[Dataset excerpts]
+++++

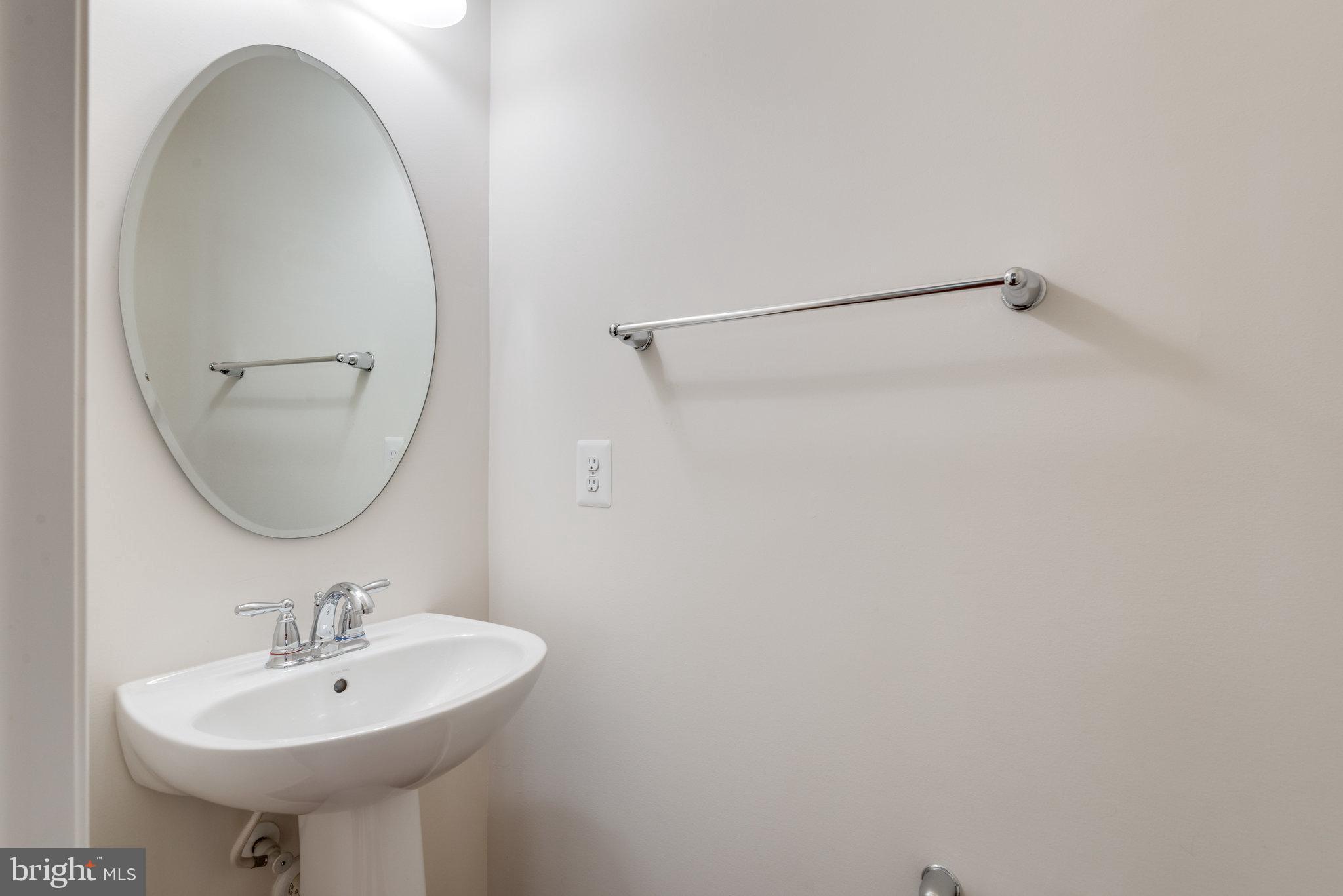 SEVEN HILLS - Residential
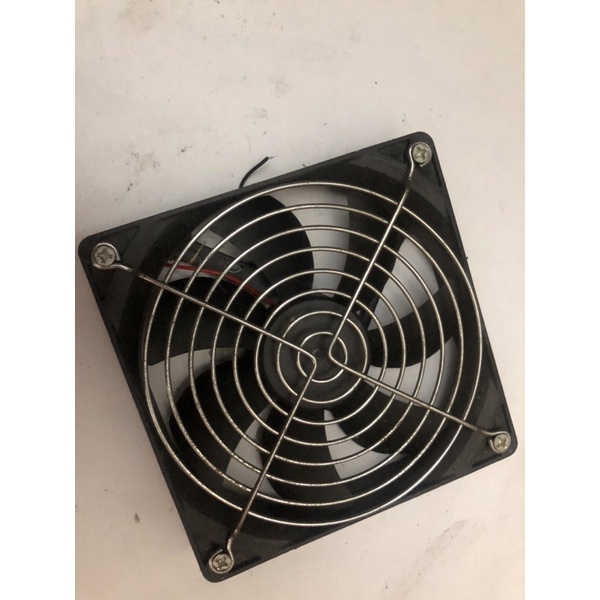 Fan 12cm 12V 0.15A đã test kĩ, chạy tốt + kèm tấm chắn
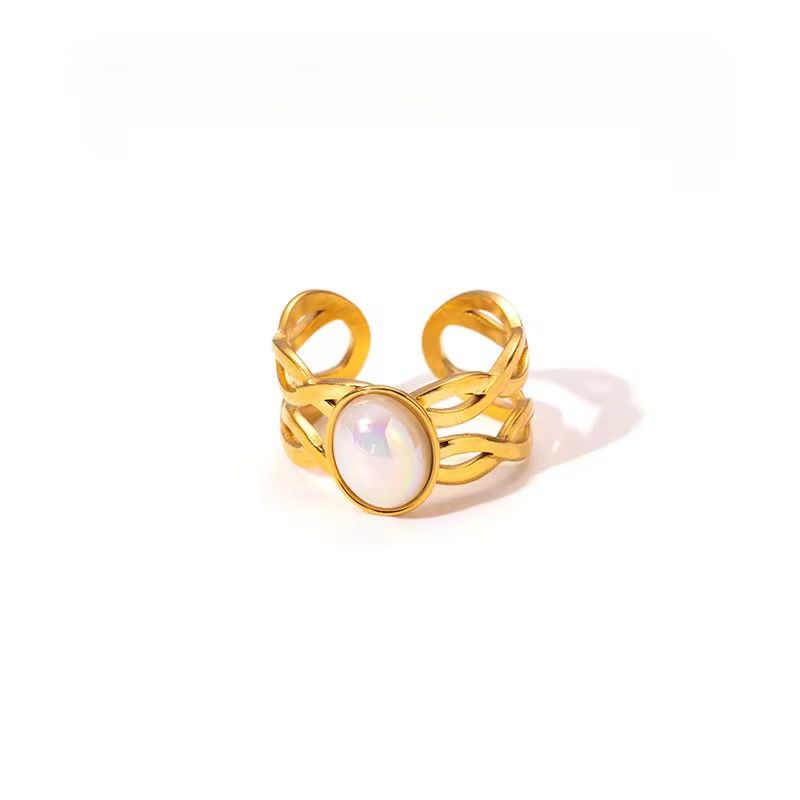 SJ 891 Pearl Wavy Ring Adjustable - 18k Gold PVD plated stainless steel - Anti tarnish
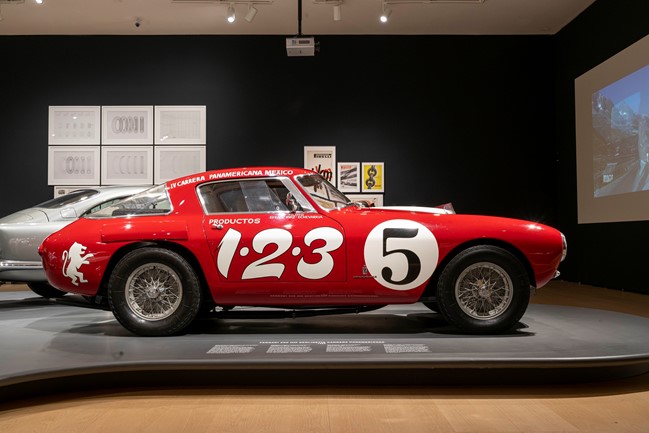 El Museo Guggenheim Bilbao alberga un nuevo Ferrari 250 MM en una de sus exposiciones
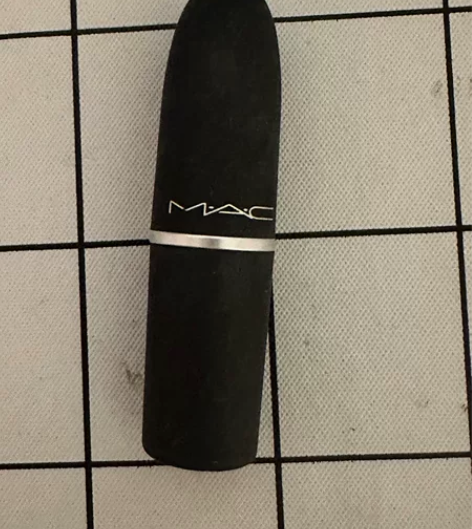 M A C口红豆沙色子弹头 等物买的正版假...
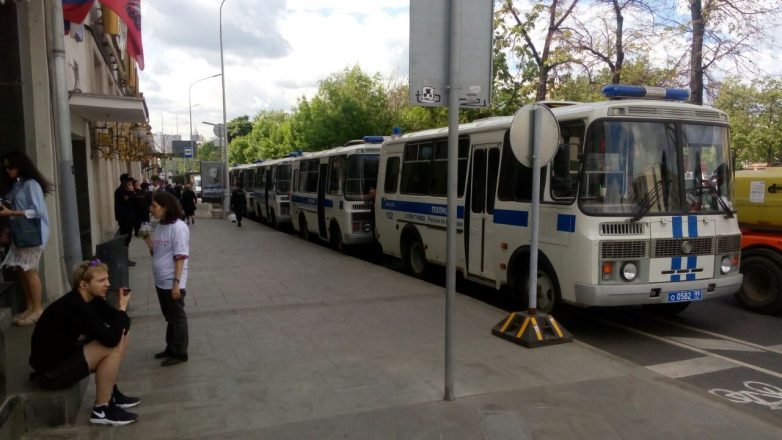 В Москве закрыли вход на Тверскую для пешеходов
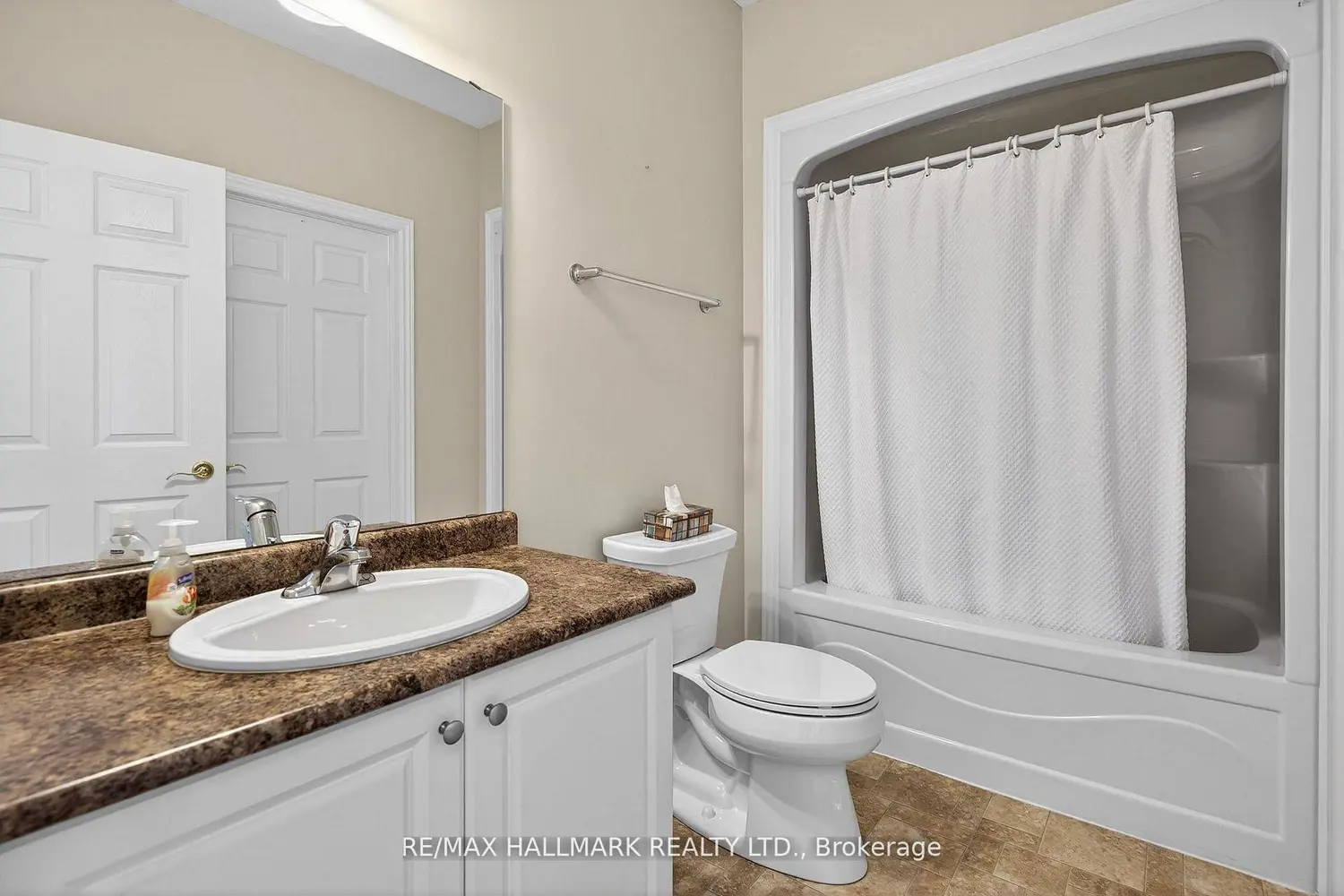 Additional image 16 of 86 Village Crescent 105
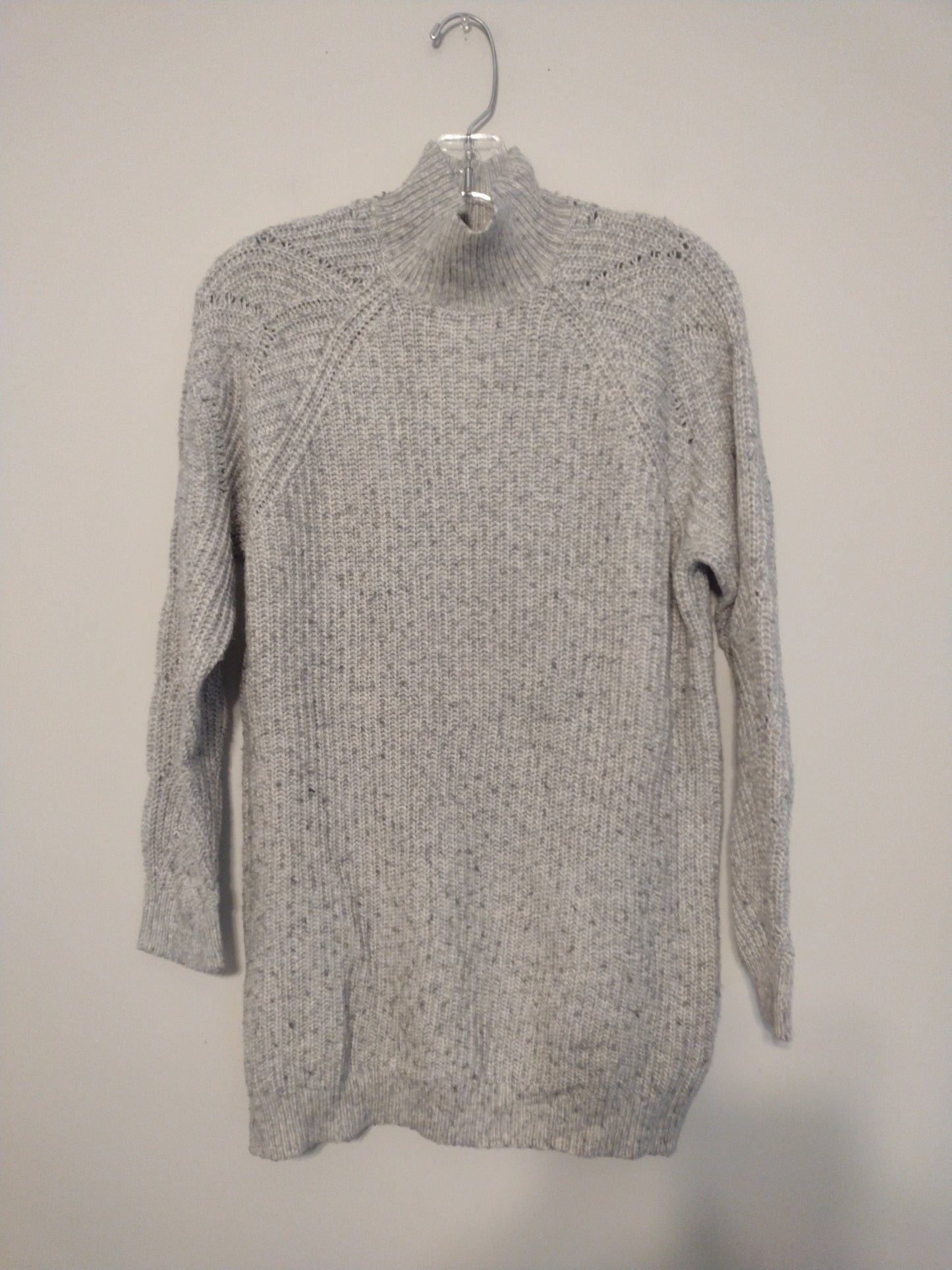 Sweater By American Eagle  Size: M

+++++

Copy exactly, leaving out pictures, the lines from the line containing "M A C口红豆沙色子弹头 等物买的正版假..." through the last line of the records.

 M A C口红豆沙色子弹头 等物买的正版假...
 В Москве закрыли вход на Тверскую для пешеходов
 Additional image 16 of 86 Village Crescent 105
 Sweater By American Eagle  Size: M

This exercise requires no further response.